Binding Terms Conference Call Information
What problems are we trying to solve?
This issue was originally brought up in the GOC meeting in Oregon [binding minutes]
This meeting identified that
- The documentation is confusing on the proper use of binding
- There were conflicting views about whether or not GO should include catalytic substrate annotations such as 'ATP binding' and the problem of including both substrate and product from a catalytic reaction.
- Most people agreed that GO should capture non-transformative binding, eg. binding of X resulting in an allosteric change to the thing doing the binding.
- Perhaps cross product annotations should be used to describe majority of binding annotations (see Annotation_Cross_Products#binding_example)
- There was a concern about how limiting 'binding' annotations to non-catalytic interactions may affect queries for genes involved in 'ATP binding', for example, researchers might reasonably expect to get back kinases by such a query.
- It was unclear whether there should be a transfer of 'binding' term annotations via ISS/ISO
ACTION ITEMS: Peter (lead), Ruth, Debby, Jim form a working group to examine the issues raised in the discussion.
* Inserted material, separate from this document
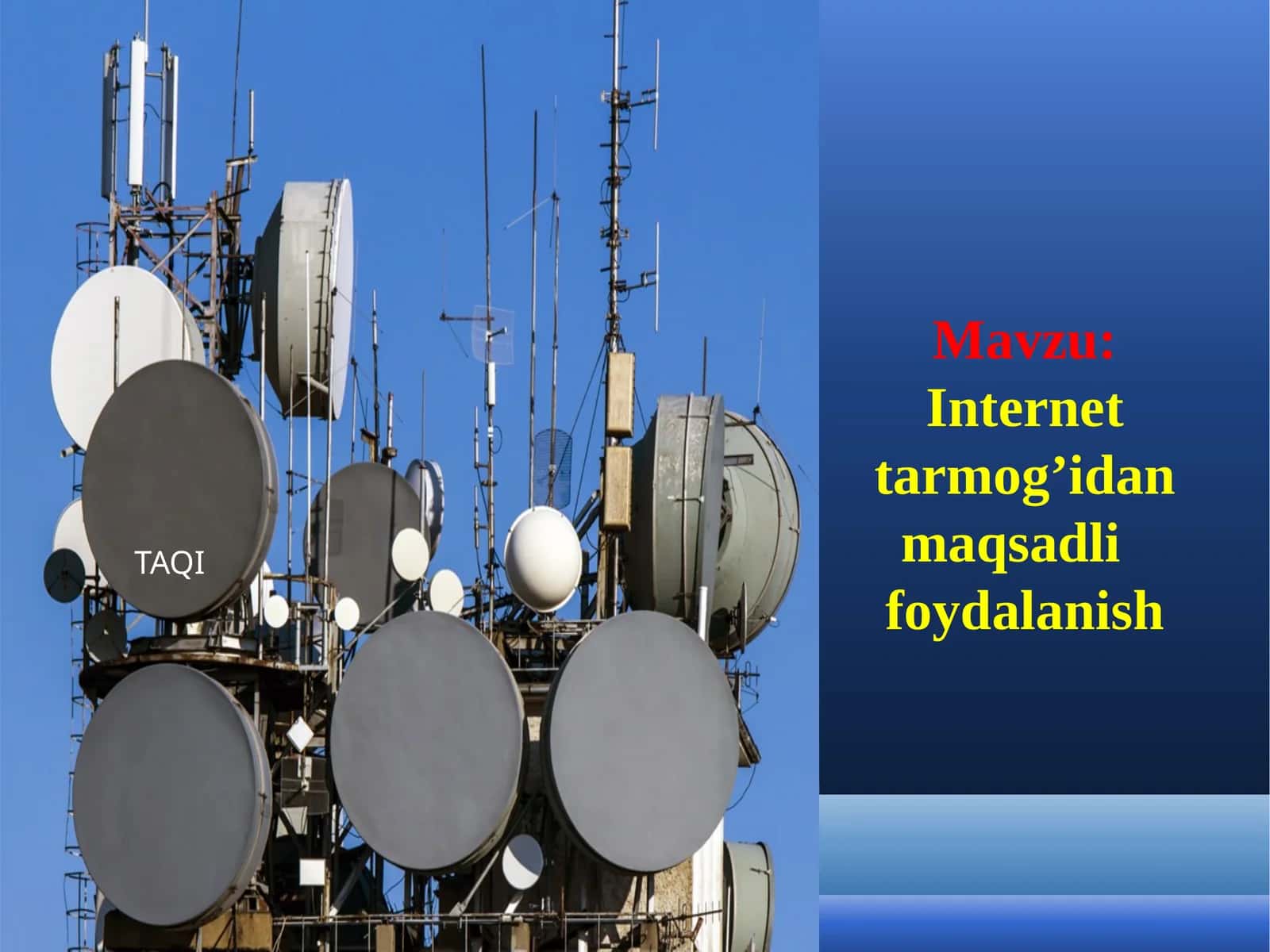 Internet tarmoq’idan maqsadli foydalanish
Should GO capture catalytic binding? Mike, Ben, Emily, David also joined this working group.
This survey was written to address the issue: Should GO capture catalytic binding?
The way we capture catalytic binding may change the decision on whether or not we should capture catalytic binding. However, this is a bit of a chicken and an egg situation as deciding that catalytic binding should not be captured at all will mean that discussions about how to capture catalytic binding would be irrelevant.
For more information/comments about options to capture catalytic binding please see:
- working group wiki
- Jim's cross-product approach.
- Ben's comments on binding terms
- Binding Terms Survey Comments
Comments from Judy
Here are some ‘go-top’ type thoughts on this, but this also incorporates the GO@MGI specific thoughts as well. I look forward to a considerate discussion.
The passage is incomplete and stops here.